━━━ Given records
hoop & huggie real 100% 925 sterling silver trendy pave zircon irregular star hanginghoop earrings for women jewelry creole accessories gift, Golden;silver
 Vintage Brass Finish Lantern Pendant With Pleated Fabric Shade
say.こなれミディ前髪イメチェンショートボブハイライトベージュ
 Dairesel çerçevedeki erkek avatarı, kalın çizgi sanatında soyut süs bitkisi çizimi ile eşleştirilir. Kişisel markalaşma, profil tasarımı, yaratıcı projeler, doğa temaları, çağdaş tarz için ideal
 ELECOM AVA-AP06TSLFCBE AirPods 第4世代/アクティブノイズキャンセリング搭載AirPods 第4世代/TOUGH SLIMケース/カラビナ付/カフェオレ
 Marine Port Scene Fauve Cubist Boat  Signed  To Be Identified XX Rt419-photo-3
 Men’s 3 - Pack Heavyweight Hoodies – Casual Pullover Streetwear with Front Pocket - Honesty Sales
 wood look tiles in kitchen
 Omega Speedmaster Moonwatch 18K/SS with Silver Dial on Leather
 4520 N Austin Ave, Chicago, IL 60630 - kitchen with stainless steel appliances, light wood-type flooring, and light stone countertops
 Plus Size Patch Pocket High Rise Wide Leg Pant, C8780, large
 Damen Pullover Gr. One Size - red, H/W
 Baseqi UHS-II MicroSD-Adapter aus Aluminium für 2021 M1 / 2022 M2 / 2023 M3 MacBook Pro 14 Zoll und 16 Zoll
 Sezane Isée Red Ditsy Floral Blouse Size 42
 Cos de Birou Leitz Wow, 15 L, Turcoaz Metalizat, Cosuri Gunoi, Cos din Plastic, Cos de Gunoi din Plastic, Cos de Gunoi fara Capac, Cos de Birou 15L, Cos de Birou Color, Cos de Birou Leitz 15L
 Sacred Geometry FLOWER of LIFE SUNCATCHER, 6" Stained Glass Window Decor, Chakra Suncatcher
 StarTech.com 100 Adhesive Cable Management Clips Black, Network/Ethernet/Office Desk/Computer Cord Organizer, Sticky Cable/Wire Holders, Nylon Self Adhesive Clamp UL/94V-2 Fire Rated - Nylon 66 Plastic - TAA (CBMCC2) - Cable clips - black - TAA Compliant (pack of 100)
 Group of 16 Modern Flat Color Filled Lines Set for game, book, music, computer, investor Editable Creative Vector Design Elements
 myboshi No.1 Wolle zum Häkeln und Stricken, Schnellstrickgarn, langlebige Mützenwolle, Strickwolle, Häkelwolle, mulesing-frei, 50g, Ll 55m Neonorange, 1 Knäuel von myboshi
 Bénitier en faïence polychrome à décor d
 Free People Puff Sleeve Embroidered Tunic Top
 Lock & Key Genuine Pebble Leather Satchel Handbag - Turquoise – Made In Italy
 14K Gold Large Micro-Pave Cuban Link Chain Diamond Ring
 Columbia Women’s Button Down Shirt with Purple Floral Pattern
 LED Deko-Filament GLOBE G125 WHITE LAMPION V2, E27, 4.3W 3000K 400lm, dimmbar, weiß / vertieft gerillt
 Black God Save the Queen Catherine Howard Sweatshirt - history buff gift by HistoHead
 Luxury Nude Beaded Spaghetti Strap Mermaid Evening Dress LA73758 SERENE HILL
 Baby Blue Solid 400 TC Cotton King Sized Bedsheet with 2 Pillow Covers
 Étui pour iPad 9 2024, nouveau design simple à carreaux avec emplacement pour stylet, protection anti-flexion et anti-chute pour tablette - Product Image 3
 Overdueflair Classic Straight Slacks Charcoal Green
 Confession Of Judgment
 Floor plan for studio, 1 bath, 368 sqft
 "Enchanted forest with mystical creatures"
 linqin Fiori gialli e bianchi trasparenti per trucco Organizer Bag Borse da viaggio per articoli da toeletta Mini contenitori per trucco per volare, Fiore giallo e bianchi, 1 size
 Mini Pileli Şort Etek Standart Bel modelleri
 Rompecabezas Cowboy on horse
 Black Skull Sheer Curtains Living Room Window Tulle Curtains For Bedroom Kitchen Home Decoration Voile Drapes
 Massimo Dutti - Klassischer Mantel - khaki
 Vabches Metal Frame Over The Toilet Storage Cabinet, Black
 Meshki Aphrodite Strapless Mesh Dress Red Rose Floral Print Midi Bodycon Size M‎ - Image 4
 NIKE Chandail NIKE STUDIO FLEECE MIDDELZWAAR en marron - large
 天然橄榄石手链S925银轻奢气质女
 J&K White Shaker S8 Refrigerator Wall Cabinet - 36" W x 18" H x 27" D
━━━━━━
(Exercise aim)
In the records above, find every line that contains the word "Pullover" and copy it.

(Output of the task)
 Men’s 3 - Pack Heavyweight Hoodies – Casual Pullover Streetwear with Front Pocket - Honesty Sales
 Damen Pullover Gr. One Size - red, H/W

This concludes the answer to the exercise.